Javier vai-com-os-outros. Esse pode ser o novo apelido do presidente argentino, Javier Milei, caso se concretize o que a imprensa de Buenos Aires vem especulando nos últimos dias. Segundo veículos argentinos, a Casa Rosada estaria estudando seguir o exemplo dos EUA de Donald Trump e abandonar o Acordo de Paris.
De acordo com a Folha, a discussão em torno da saída do Acordo de Paris seria encabeçada por três figuras importantes do governo argentino – o próprio Milei; a irmã dele, Karina, que também é secretária-geral da Presidência; e Santiago Caputo, assessor influente do governo.
Um indício dessa possibilidade foi o discurso do presidente argentino ao Fórum Econômico Mundial de Davos (Suíça), na semana passada, em que teceu fortes críticas contra o multilateralismo e um suposto “ambientalismo fanático” que prejudicaria o desenvolvimento econômico dos países.
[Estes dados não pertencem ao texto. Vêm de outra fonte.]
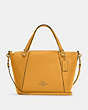 COACH®,KACEY SATCHEL BAG,Pebbled Leather,Large,Anniversary,Gold/Mustard Yellow,Front View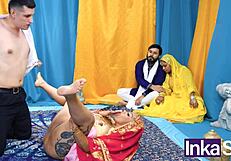 chudai - madrastra india tetona folla al novio y llena su coño de leche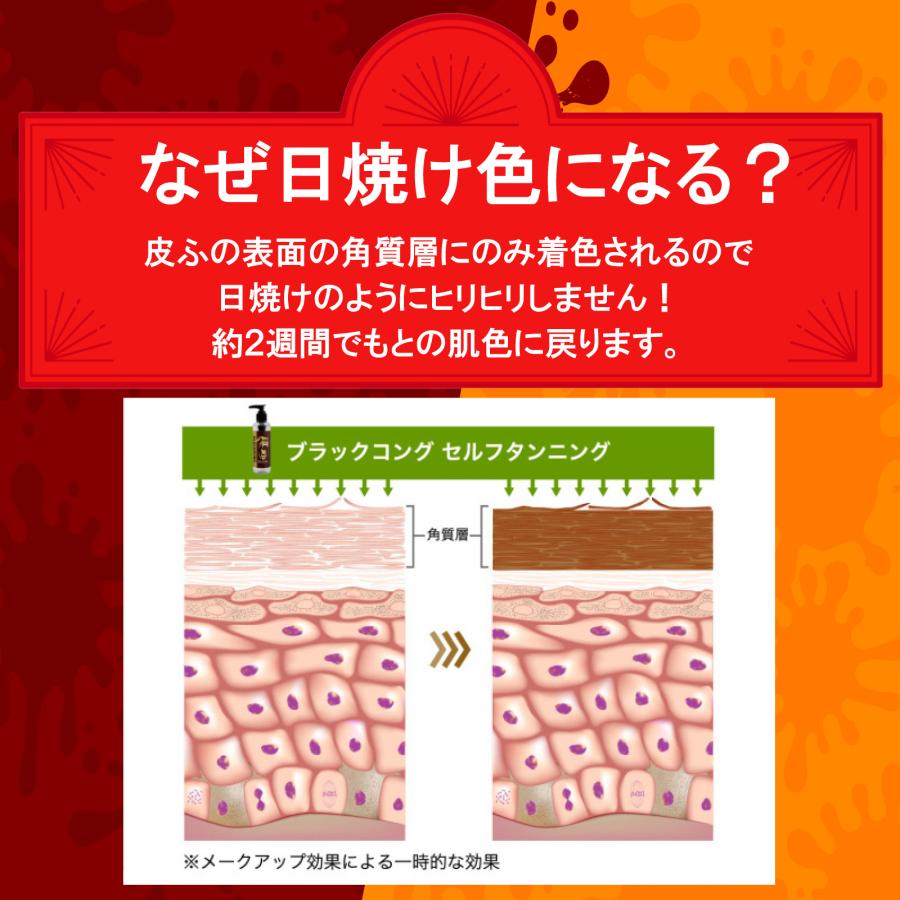 スマホケース付き！3本セット ブラックコング セルフタンニングローション 180ml サンレス 塗って小麦肌 日焼け ブロンズ肌 ボディ 焼かない 日焼け肌｜advancedbase｜05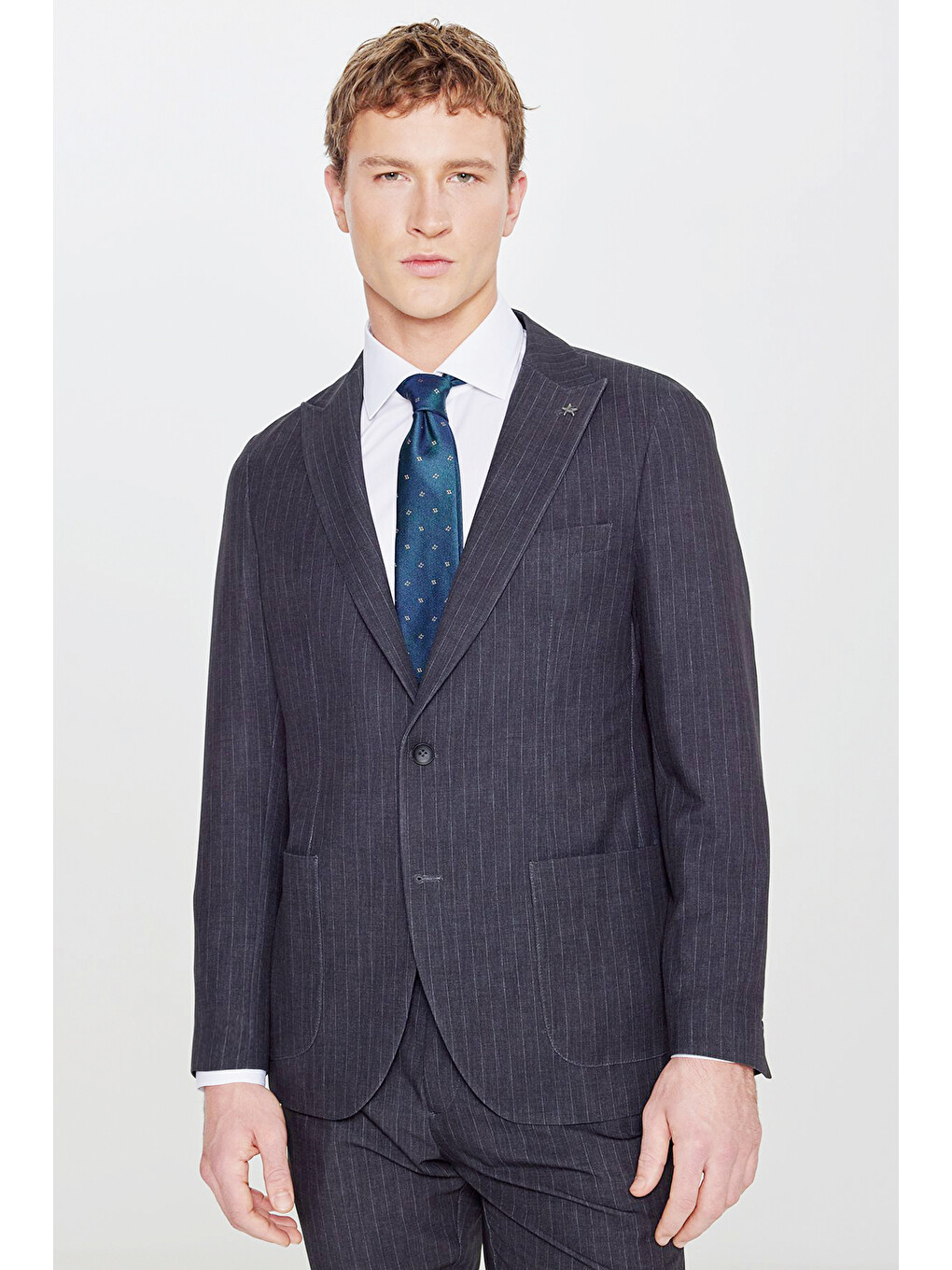 Erkek Siyah 360 Her Yöne Esneyen Slim Fit Taşıma Torbalı Çizgili Takım Elbise-1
O Financial Times destacou que servidores de carreira do governo argentino estariam tentando dissuadir a Casa Rosada de deixar o Acordo de Paris, reforçando que os impactos de uma saída seriam fortes para Buenos Aires. Um diplomata ouvido pela reportagem disse que Milei tomará a decisão final e que “parece muito provável que acabemos saindo”. A Folha traduziu a matéria.
A cautela de parte do governo argentino faz sentido. Enquanto o exemplo negacionista de Trump segue forte em Milei, a condição argentina é totalmente diferente da norte-americana. Enquanto o custo de decisão de deixar o Acordo de Paris é relativamente baixo para o presidente dos EUA, esse impacto é bem maior para o presidente argentino, já que uma saída das negociações climáticas pode “vinagrar” fluxos financeiros que trazem preciosos dólares ao mercado argentino.
A saída de Buenos Aires do Acordo de Paris também inviabilizaria a aprovação do acordo comercial entre o Mercosul e a União Europeia, como lembrou o embaixador André Corrêa do Lago, futuro presidente da COP30. “Você tem que lembrar que, para poder se beneficiar do acordo Mercosul-UE, você tem que ser membro do Acordo de Paris”, disse o diplomata ao Financial Times.
Além disso, a movimentação negacionista na Argentina destoa da reação do resto do mundo à saída dos EUA do Acordo de Paris, o que indica um isolamento político potencial. Como o Guardian destacou, os governos reforçaram sua defesa pública da ação climática global, apesar da debandada norte-americana.
As principais peças do tabuleiro das negociações climáticas, como União Europeia, China, Reino Unido e Brasil, seguem engajadas no processo multilateral e devem despontar como lideranças alternativas aos EUA na COP30.
O impacto maior dos retrocessos climáticos de Trump, ao menos inicialmente, está no plano doméstico. A Bloomberg sintetizou a blitzkrieg (um termo que se encaixa bem com gestos recentes de um certo bilionário polemista) anticlima do novo governo norte-americano, que surpreendeu pela rapidez dos anúncios e pelas diversas frentes de ação, mas que também não pode ser superdimensionada, já que muitas dessas medidas serão difíceis de serem tiradas do papel no curto prazo.